Friday, January 9, 2004

I'm going to get grilled for saying this, but I don't see why most O/R mappers leave out some very simple database things. Note that I'm not saying I have everything down, nor do I really have any of the more complex things that some will need. What I'm saying is that there are some things that everybody wants and are very simple that are often left out of O/R mappers.

First and foremost is that every O/R mapper should work in some minimalistic sense with every ANSI SQL compliant database! Everybody that wants to use an O/R mapper expects to at least be able to do the very basic CRUD operations that are mostly just simple SQL. Sure, there are a few gotchas, like how to handle database generated primary keys with inserts, and the fact that some data types like DateTime vary in their handling. But its easy to handle these basic issues with the big players (MS Sql, Access, and Oracle), and then just expose a generic OleDb and Odbc provider and warn the user they are not guaranteed. .NET even makes such generic coding to all database providers very easy if you always code to the System.Data interfaces instead of using specific providers like SqlClient. Yes, I know that this won't work for creating the most performant database code, nor for more advanced situations, but that shouldn't prevent the basics from being handled genericly. In particular, I think its very very bad that Microsoft is going to release ObjectSpaces only working with MS Sql, at least initially. Maybe they will add others later (but maybe not), but you can't really design a flexible system if you don't test it in more than one case from the beginning.

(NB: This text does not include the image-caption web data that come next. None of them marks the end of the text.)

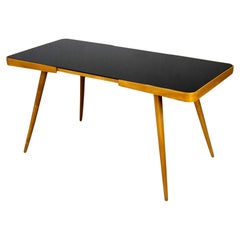 Restored Coffe Table with Black Glass Top by Jiří Jiroutek. 1960s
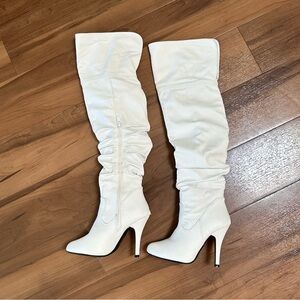 Thigh high white boots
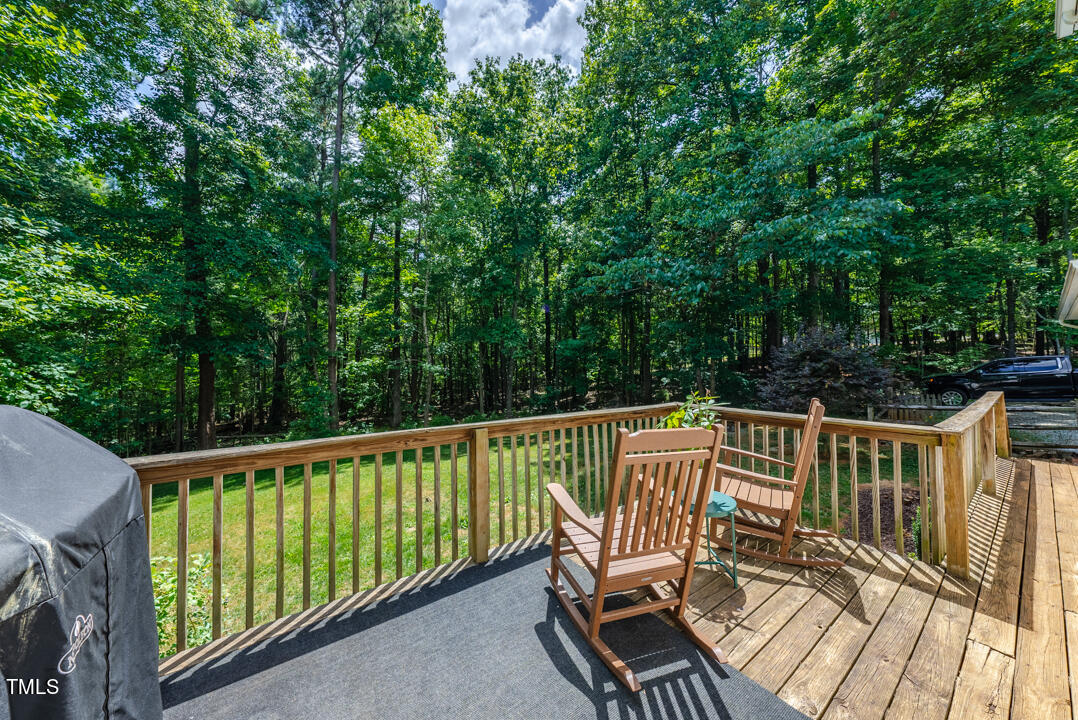 6806 Calais Drive Durham, NC 27712 - Photo 5 of 31 a view of a chair and table on the wooden floor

Another relatively simple case that many people want which fear performance (warranted or not), and some people also really need, are stored procedures. Yes, the bread and butter of an O/R mapper is and should be dynamic SQL created at runtime, but does that mean you can't give the customer another often requested option when its easy to implement. Like it or not, there are people that won't ever believe dynamic SQL is often just as performant, and there are some cases at least where they are right. There are also other issues related, especially when data is denormalized for performance reasons, that stored procedures simplify, although certainly there are other alternatives, like triggers. Enabling stored procedures will also allow you to provide a work-around for those silly users that want to use one of those other databases and still have database generated primary keys. There's bound to be other reasons for allowing stored procedures too -- my point is that there really is no reason to not make them an option since they are simple to include.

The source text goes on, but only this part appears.